Ainsi, en anglais et en français, le verbe se place avant l'objet, et en japonais après, donc en japonais on ne dit pas « John hit Bill », mais seulement « John hit Bill ». Mais au-delà de cette variabilité, force est de supposer l'existence d'une « forme interne du langage », selon les mots de Wilhelm von Humboldt.2indépendamment des facteurs individuels et culturels.

La grammaire universelle est incarnée dans des langues spécifiques, leur donnant un ensemble de possibilités

Selon vous, le langage ne pointe pas vers des objets, il pointe vers des significations. C'est contre-intuitif, n'est-ce pas ?

Une des premières questions que se pose la philosophie est la question d'Héraclite : est-il possible de se jeter deux fois dans le même fleuve ? Comment déterminer qu'il s'agit de la même rivière ? Du point de vue du langage, cela revient à se demander comment deux entités physiquement différentes peuvent être désignées par le même mot. Vous pouvez modifier sa chimie ou inverser son cours, mais une rivière restera une rivière.

En revanche, si vous installez des barrières le long de la côte et y faites passer des pétroliers, cela deviendra un « chenal ». Si vous changez ensuite sa surface et l'utilisez pour naviguer au centre-ville, cela devient une « autoroute ». Bref, une rivière est avant tout un concept, une construction mentale, pas une chose. Cela a déjà été souligné par Aristote.

Curieusement, le seul langage qui se rapporte directement aux choses est le langage des animaux. Tel cri de singe, accompagné de tels mouvements, sera sans équivoque compris par ses proches comme un signal de danger : ici le signe renvoie directement aux choses. Et vous n'avez pas besoin de savoir ce qui se passe dans l'esprit d'un singe pour comprendre comment cela fonctionne. Le langage humain n'a pas cette propriété, ce n'est pas un moyen de référence.

Vous rejetez l'idée que le degré de détail de notre compréhension du monde dépend de la richesse du vocabulaire de notre langue. Alors quel rôle attribuez-vous aux différences linguistiques ?

Si vous regardez bien, vous verrez que les différences entre les langues sont souvent superficielles. Les langues qui n'ont pas de mot spécial pour le rouge l'appelleront «la couleur du sang». Le mot «rivière» recouvre un éventail de phénomènes plus large en japonais et en swahili qu'en anglais, où l'on distingue une rivière (rivière), un ruisseau (ruisseau) et un ruisseau (ruisseau).
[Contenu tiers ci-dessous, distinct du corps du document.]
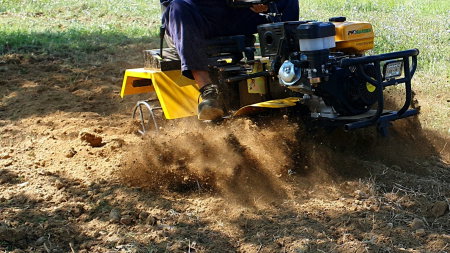 ProGARDEN Campo 1856-4WD Mini tractor 4x4 18CP, benzina, 4+1 viteze [2]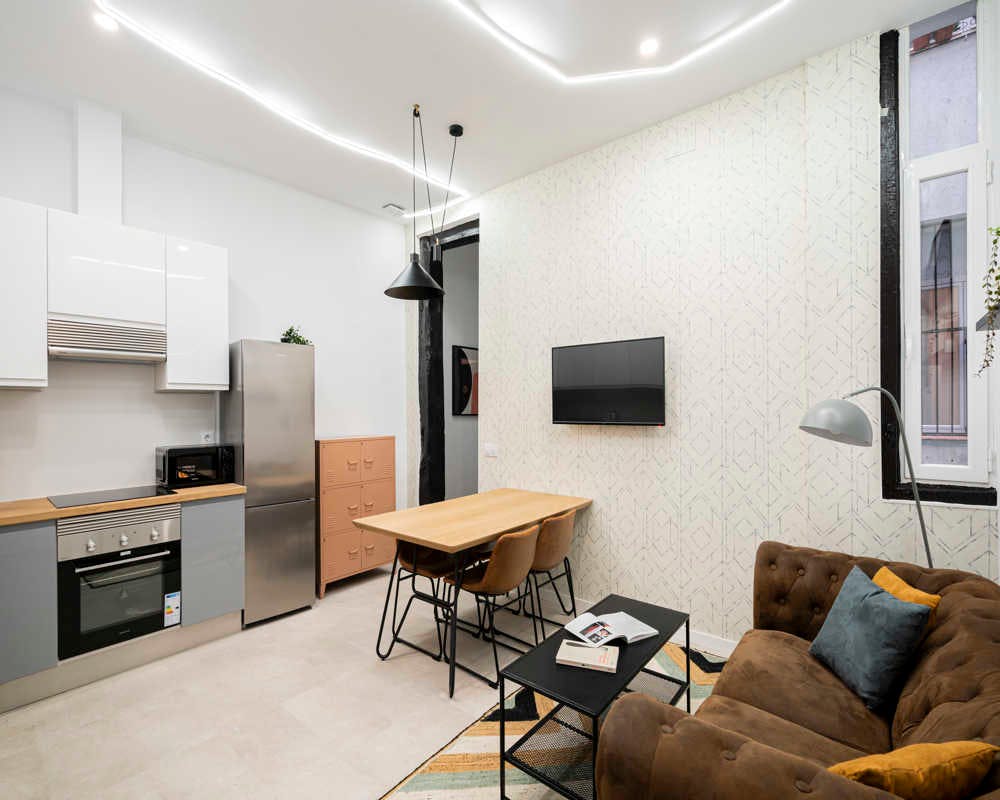 Single room Madrid, 24m² — photo 39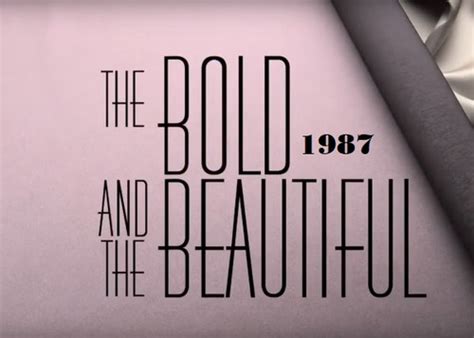 The Bold and the Beautiful - 1987 Collection | PanicDiscoStarr DVDs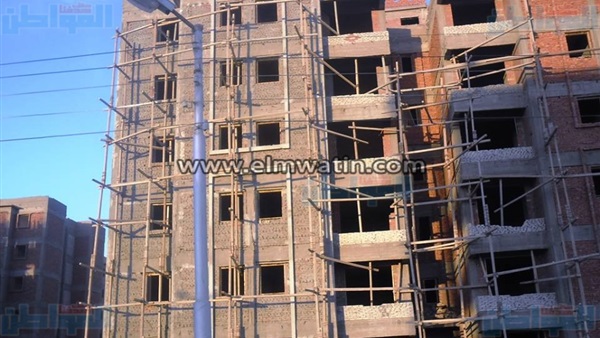 صورة من المشروع بالفرافرة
Mais le sens central de «rivière» est invariablement présent dans toutes les langues. Et il le faut, pour une raison simple : les enfants n'ont pas besoin de connaître toutes les variations d'une rivière ou d'apprendre toutes les nuances du terme « rivière » pour avoir accès à ce sens fondamental. Cette connaissance est une partie naturelle de leur esprit et est également présente dans toutes les cultures.
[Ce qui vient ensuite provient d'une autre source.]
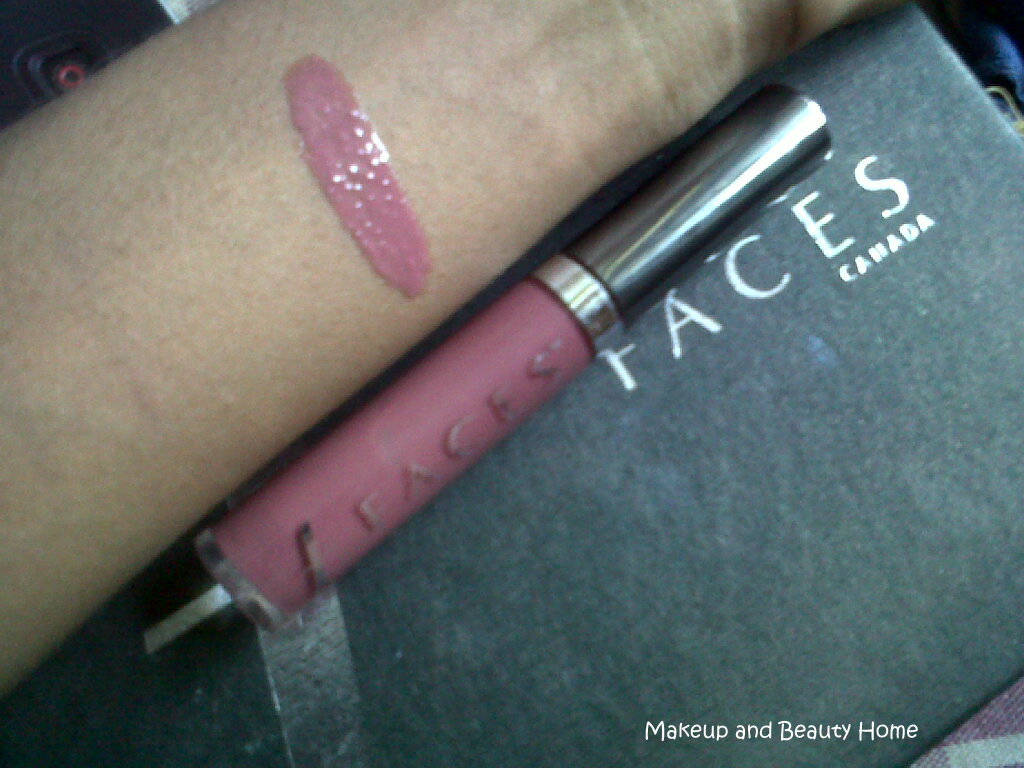 Faces Glam On Lip Gloss Shade 044 Review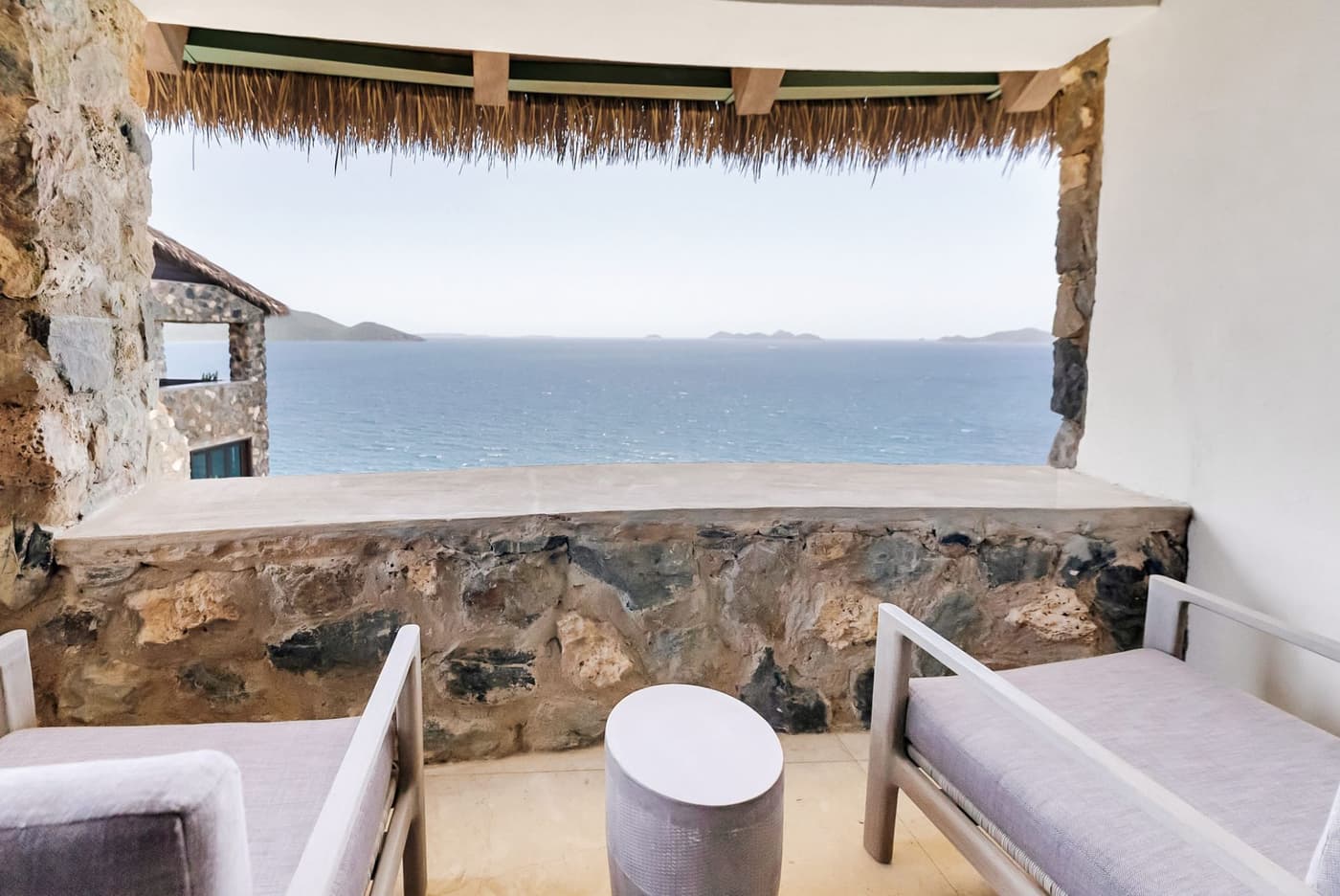 Aerial Presence Room — luxury villa photo 4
Si vous regardez bien, vous verrez que les différences entre les langues sont souvent superficielles.

Vous rendez-vous compte que vous êtes l'un des derniers philosophes à adhérer à l'idée de l'existence d'une nature humaine particulière ?

Sans aucun doute, la nature humaine existe. Nous ne sommes pas des singes, nous ne sommes pas des chats, nous ne sommes pas des chaises. Cela signifie que nous avons notre propre nature, qui nous distingue. S'il n'y a pas de nature humaine, cela signifie qu'il n'y a pas de différence entre moi et la chaise. C'est ridicule. Et l'une des composantes fondamentales de la nature humaine est la capacité linguistique. L'homme a acquis cette capacité au cours de l'évolution, c'est une caractéristique de l'homme en tant qu'espèce biologique, et nous l'avons tous également.
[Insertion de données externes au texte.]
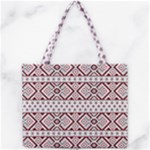 Ukrainian Folk Seamless Pattern Ornament Mini Tote Bag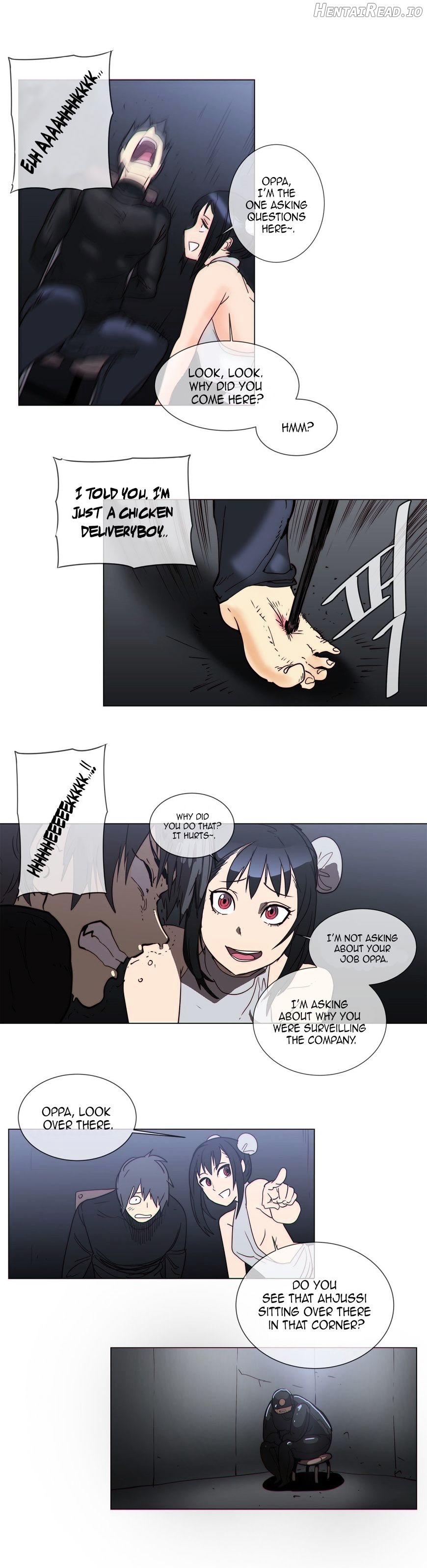 Household Affairs Chapter 55 - page 16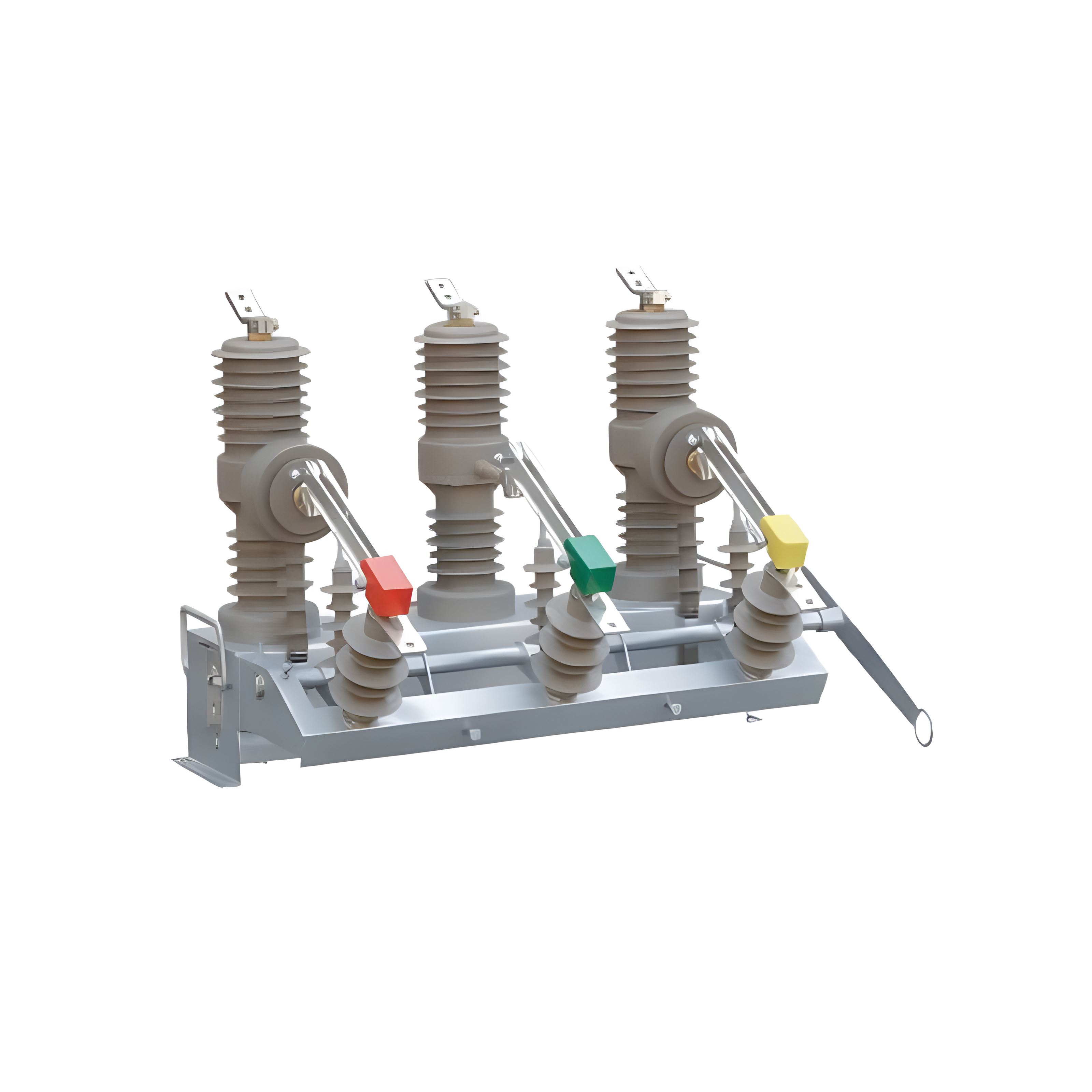 Serie ZW32 Disyuntor de vacío eléctrico de alto voltaje para exteriores 12 kV manual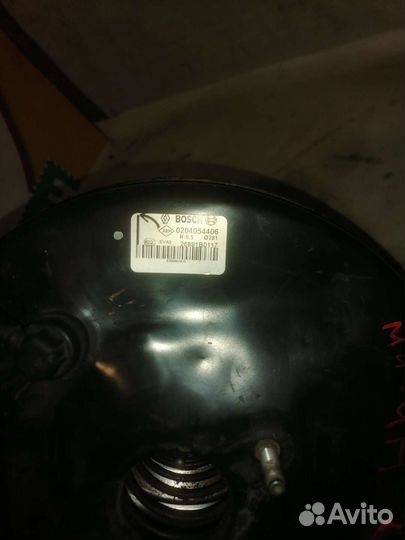 Тормозной вакуум renault megane 2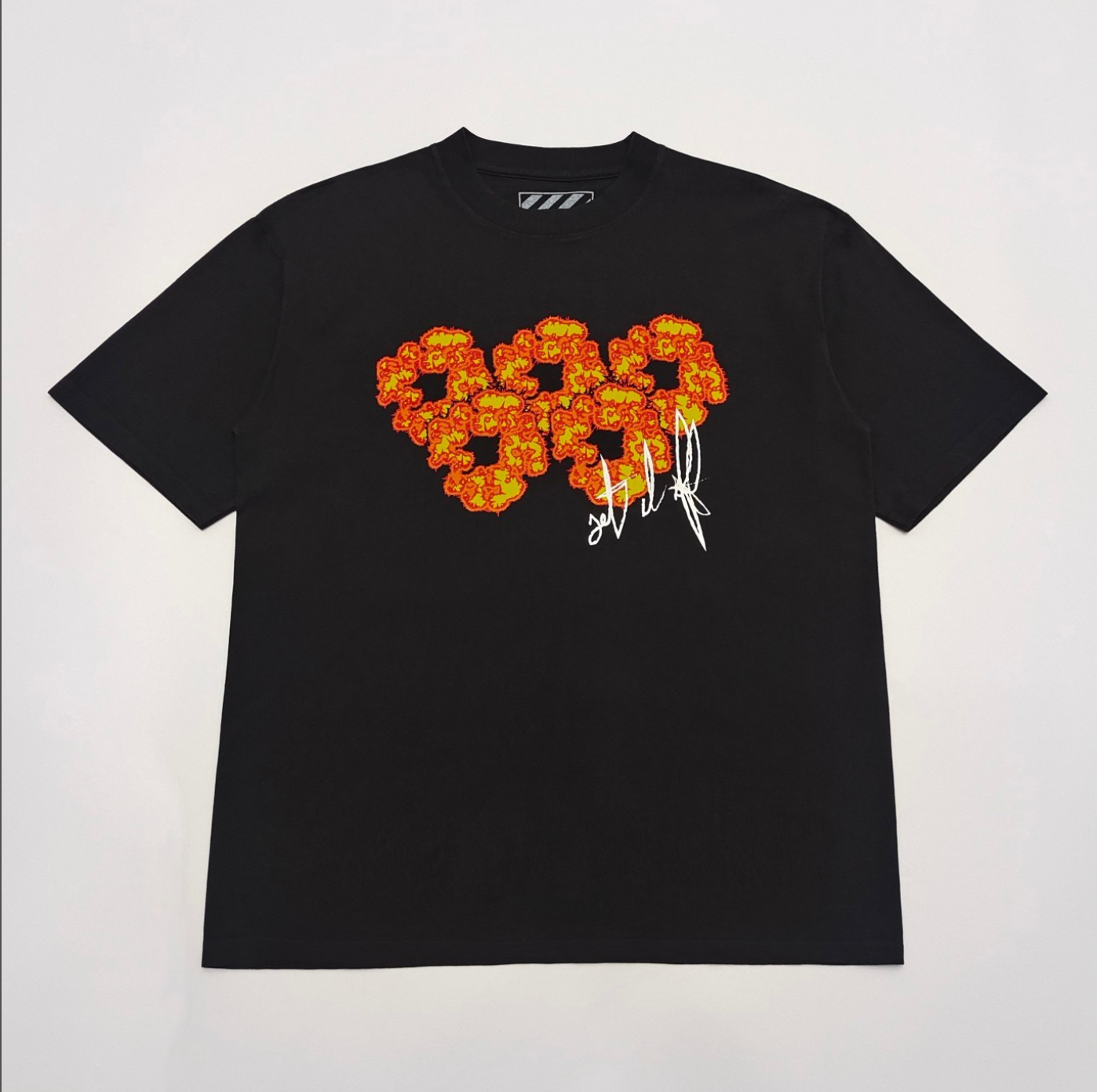 PLAYERA DENIM TEARS X OFFSET WREATH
Il n'y a pas un tel groupe de personnes dont les capacités linguistiques seraient inférieures aux autres. Quant à la variation individuelle, elle n'est pas significative. Si vous prenez un petit enfant d'une tribu amazonienne qui n'a pas été en contact avec d'autres personnes depuis vingt mille ans et que vous l'emmenez à Paris, il parlera très vite le français.

Dans l'existence de structures et de règles innées du langage, vous voyez paradoxalement un argument en faveur de la liberté.

C'est une relation nécessaire. Il n'y a pas de créativité sans système de règles.

Une source: philosophie des magazines


1. John Dewey (1859-1952) était un philosophe américain et pédagogue novateur, humaniste, partisan du pragmatisme et de l'instrumentalisme.

2. Philosophe et linguiste prussien, 1767-1835.